Olympic was of interest to the asset finance community as it called into question whether such commercially agreed terms might be challenged where the condition of the asset delivered was so poor as to be beyond economic repair, making it impossible for the lessee to perform the contract. In Olympic, the Lessee had tried to argue that there had been a total failure of consideration in failing to provide an airworthy asset but this argument was rejected by Teare J. It was determined that the obligation to pay rental and maintenance reserves remained intact because the Lessee has “irrevocably and unconditionally” accepted and leased the aircraft from the Lessor pursuant to the wording contained in the certificate of acceptance.

Whilst the case gives some comfort to lessors as to rental obligations of this nature being upheld, Olympic has nonetheless tested assumptions as to when such provisions might be challenged. In shipping a challenge is more likely to occur in the context of a time or voyage charter, where a shipowner will have ongoing obligations as to the maintenance and operation of the ship.
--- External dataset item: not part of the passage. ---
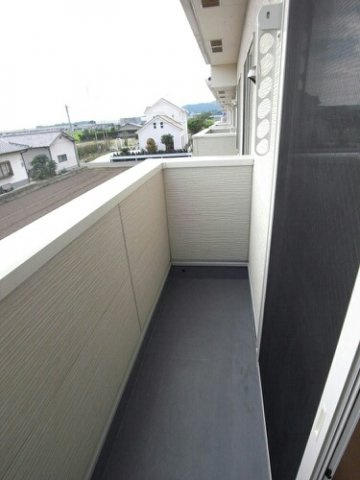 オハナ・ラウレアＢのバルコニー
The “classic” common law test : is a ship seaworthy?

The Olympic case was of interest to aviation financiers as the Court considered the meaning of “airworthiness” for the first time. In considering the meaning of “airworthy” the Court did not accept that the existence of a certificate of airworthiness was sufficient but relied on the classic test of seaworthiness being: “Would a prudent owner have required that the defect should be made good before sending his ship to sea, had he known of it. If he would the ship was not seaworthy?”1

The test is a reminder of the common law test when using the definition of “seaworthiness” in finance documentation. In a ship lease financing, a shipowner will typically confirm to the lessor that the ship is in a “seaworthy” condition on delivery of the ship. In turn, a shipowner will have an obligation to deliver the ship to a third party charterer in a seaworthy condition. In the next edition of Legalseas we will look at the meaning of “seaworthiness” in more detail and what this means in practice.

Conclusion

Overall the judgment in Olympic should not cause undue concern for the shipping finance community given that the facts of the case were quite unusual and specific to the parties involved. However there are some cautionary lessons that can be drawn from the judgment as illustrated above. As to the challenge to “hell and high water” rental obligations, the storm may have eased for the moment now but perhaps has not fully abated.